Personally I’d just go for the Nimbus, but if you’re fine with riding the LX until it breaks and then spending an overall bigger amount of money, that’s your choice.

I do dig the sport.
I’ve had my Uni for 12 years but has been collecting dust for a few years. I spend a lot of my time in the mountains and never thought about bringing it until my last trip. It re-sparked my flame to uni mountains but not for streets which my old uni is for.

I went with the nimbus 29" and love it so far, the extra speed is nice on long rides! Although it can be a bit much when the trail gets narrow and twisty, because I am learning speed control yet and the extra momentum seems to send me off track…
And the 29" tire can climb over obsticals a bit easier.
the sad part is, it’s almost double your inital spending limit at a staggering $429 bone stock
:thinking: Maybe I should just spend the $ and have bryce get me a set of brakes to fix my momentum issue?

Get the brakes… it’s a new skill to learn but when you do… it smooths out the Muni downhills :smiley:

Getting crappy equipment then upgrading will end up costing you more and you will be spending all that time riding crappy equipment… get yourself a decent uni.

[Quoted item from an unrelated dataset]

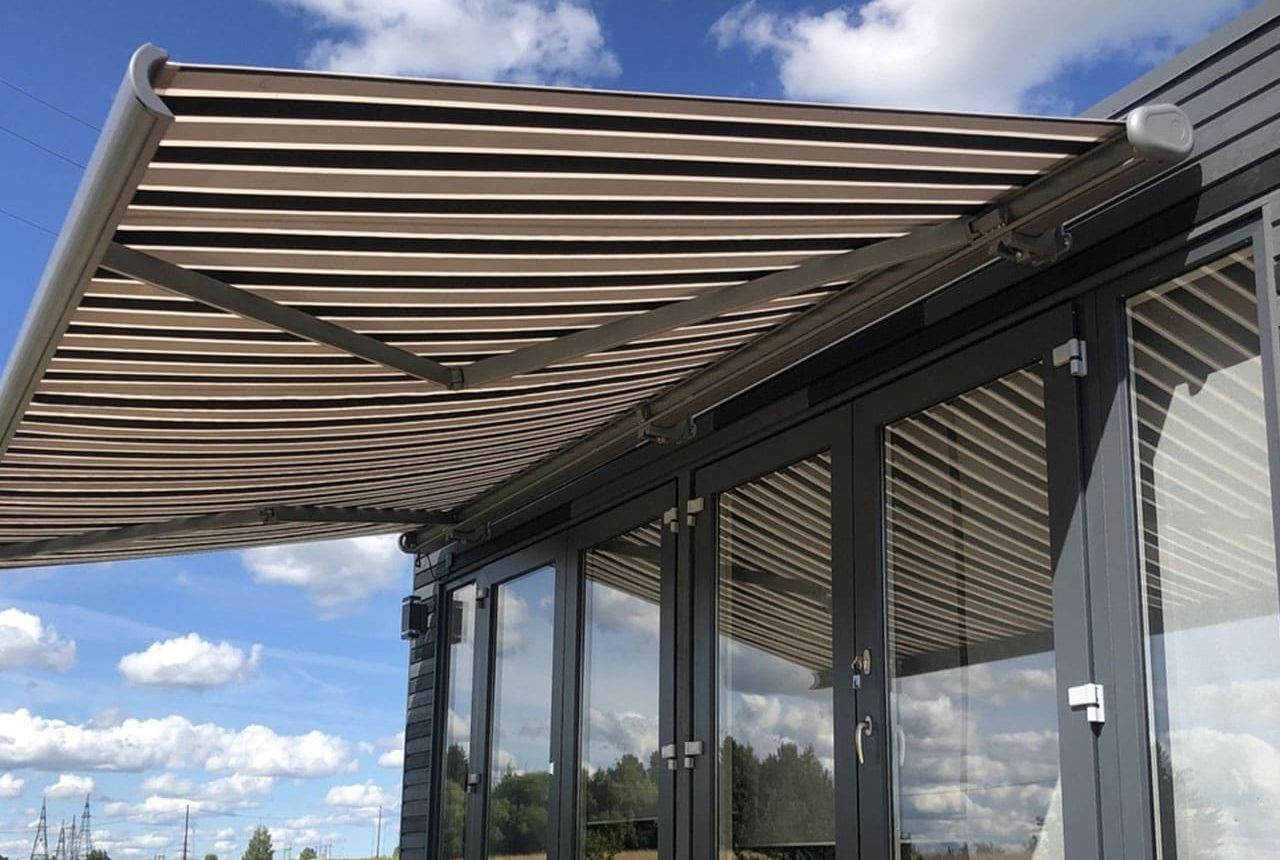 Utfällbar markis med randigt tygöverdrag monterad över terrassglasning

on the subject of brakes. generally I ride without but there are times when they are more than nice, almost necessary. (CMW comes to mind) I would get comfortable riding everything without the brake then add it once you have the basic technique down.

I would half-heartedly agree with this statement. I thought the same way until I knee-jerked and bought a set of maggies for each of my unis (except for my trials) from Bryce… After I installed them and got used to engaging them while keeping my balance, I can say that they helped me progress.

I am now able to more smoothly ride downhill on a greater variety of terrain and my distances have greatly improved on my 36-er because I am not frying my legs on downhills. That being said… I live on Mt. Tabor, a descent size hill so the closest trails are not flat and most of my road rides start or end with some climbing. I can truly say that having the brakes helps me to progress… I can’t necessarily say that not having them would be better or worse, I just know that the learning curve smoothed out quite a bit after I learned how to use my brakes.

I am not saying that people should not use brakes. I think that they can help in almost every situation where gravity is greater than rolling resistance.

It is just that it can be a whole new skill to learn and maybe you shouldn’t be trying to modulate a brake the first time that you try riding down a rough slope.

The reason that I don’t usually use a brake is because it is fairly flat here (it is Saskatchewan after all) and I haven’t gotten around to fixing my Maguras which have both sprung leaks.